History Blog: Precision Language – Do You Speak It?
Arguably, History has taken over from English as the subject where students exercise the differences between narrative and analysis, develop a genuinely critical distance from a text under study, and practise writing tersely and argumentatively.
Yet perhaps because elective subjects are under pressure to attract students, or because it can take all a teacher’s class time to develop students’ ability to distinguish storytelling from evaluating, History teachers often allow imprecision in language to go unchecked. If this begins in Stage 4 or 5, the exponential growth of that habit (in other subjects too) results in Stage 6 students who may write adequate English but consistently under-achieve because their language doesn’t reflect rigorous thinking.
A case in point
The 2016 Extension History question presented an extract from James Wilkerson’s book A Choice of Fictions: Historians, Memory and Evidence which began with a clear definition of the difference between history and the past. The question asked To what extent has the changing nature of ‘evidence’ influenced approaches to history over time?
The scare-quotes show the exam paper itself trying hard to warn students of the special meaning of ‘evidence’, and suggesting that a strong response would follow Wilkerson’s method and begin by defining this term. (This was pretty generous, given the presence of a definition in the glossary which accompanies the syllabus.) Yet many Extension students responded by writing diligent responses about sources.
Perhaps it’s because elective subjects are under pressure to attract students and don’t want to feel ‘negative’ or ‘nitpicking’, or because developing the broad skills of separating storytelling from evaluating can take up most of the class time, or even because we’re human and get lazy in our own terminology. But often imprecision in language goes unchecked.
Obviously, this isn’t unique to History: English routinely muddles together abstract entities like ‘themes’ and ‘values’. The result of no longer teaching parsing and sentence construction has been to produce students who don’t recognize (and therefore clearly convey) cause and effect, agency and action, or the difference between subjective and objective statements.
This isn’t grammar Nazism. The inability to distinguish similar, but vitally different, abstract nouns adds up to an inability to recognize that those nouns refer to operations of thought, and that those in turn produce very different results.
In other words: the + sign and the ÷ sign look similar from a distance, but have very different operations.
Same thing with sources and evidence. The former is the basis of historical narrative. The latter is the basis of historical argument. Or if you want to think about it grammatically, sources answer questions while evidence supports propositions.

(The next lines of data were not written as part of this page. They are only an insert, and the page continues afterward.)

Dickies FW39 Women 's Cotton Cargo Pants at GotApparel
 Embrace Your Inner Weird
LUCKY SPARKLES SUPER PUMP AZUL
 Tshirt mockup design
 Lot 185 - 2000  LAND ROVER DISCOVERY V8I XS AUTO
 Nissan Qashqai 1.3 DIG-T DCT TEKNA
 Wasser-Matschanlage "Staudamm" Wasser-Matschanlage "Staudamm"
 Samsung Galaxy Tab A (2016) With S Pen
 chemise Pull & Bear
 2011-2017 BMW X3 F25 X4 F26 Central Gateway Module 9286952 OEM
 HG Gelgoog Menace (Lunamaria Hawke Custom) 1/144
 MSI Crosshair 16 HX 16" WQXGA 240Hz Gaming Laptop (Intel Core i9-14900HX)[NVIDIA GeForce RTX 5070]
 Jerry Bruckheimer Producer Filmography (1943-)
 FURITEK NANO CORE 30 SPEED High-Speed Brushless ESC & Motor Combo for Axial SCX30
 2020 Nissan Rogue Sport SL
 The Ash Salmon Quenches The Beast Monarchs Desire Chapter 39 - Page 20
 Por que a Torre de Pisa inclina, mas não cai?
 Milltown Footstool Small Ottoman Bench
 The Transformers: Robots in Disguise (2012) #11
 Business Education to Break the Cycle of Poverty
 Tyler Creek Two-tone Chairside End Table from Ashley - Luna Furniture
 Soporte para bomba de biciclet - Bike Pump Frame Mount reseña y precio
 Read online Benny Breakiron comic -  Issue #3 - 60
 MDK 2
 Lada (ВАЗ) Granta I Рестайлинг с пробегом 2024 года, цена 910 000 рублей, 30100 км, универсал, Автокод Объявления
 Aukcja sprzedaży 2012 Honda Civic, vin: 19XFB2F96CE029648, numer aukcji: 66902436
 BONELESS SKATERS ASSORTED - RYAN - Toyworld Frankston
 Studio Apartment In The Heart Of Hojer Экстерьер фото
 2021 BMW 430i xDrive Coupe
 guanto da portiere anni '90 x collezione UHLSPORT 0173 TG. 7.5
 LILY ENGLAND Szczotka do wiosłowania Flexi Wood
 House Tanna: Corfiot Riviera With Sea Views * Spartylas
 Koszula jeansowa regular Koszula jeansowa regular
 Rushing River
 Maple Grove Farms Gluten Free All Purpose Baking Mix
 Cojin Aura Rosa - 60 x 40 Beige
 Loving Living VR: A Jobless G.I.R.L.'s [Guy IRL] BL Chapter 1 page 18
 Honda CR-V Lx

All evidences are sources, but not all sources are evidence.
Strong History students will sense by Stage 6 that there’s a difference between the items remaining from the past, and the subset of those items which back up one way of telling the story of the past. But only precision in language can convey that sophisticated sense.
If this begins in Stage 4 or 5, the exponential growth of that habit (in other subjects too) results in Stage 6 students who may write adequate English but consistently under-achieve because their language doesn’t reflect rigorous thinking. It can be the difference between a student who feels supported and developed by History, and that it has sufficient rigor and disciplinary integrity to be taken at university, and a student who sees it as less-emotional English, where the wool can be pulled over a marker’s eyes with windy essays that bamboozle and bore.
The clearest solution is consistently to model what we teach, showing that language is only the ‘front end’ of thinking operations. Reinforcing this visually, with posters or screensavers which clearly define the different operations, is helpful even to the oldest and most sophisticated students!
Testing this knowledge explicitly, with on-the-spot tests and games, drives home the right stuff for History from Year 7 or 8. Games are easily devised for even quite young students which reinforce the difference between source and evidence, primary and secondary (or tell and retell for very young students), history and past, and are an excellent way to start classes or to have a fun weekly break.
For older students, playing more sophisticated logic games like the Henkin-Hintikka Game using historical propositions and arguments shows the difference between questions, propositions, arguments, validity and invalidity and soundness.
Ramping up – and keeping – the precision in language benefits everyone. Students who will value History’s rigor will naturally cleave to the stringency of its language; and even those who don’t take the subject in Stage 6 should be left speaking respectfully of its insistence on the highest standards of clarity.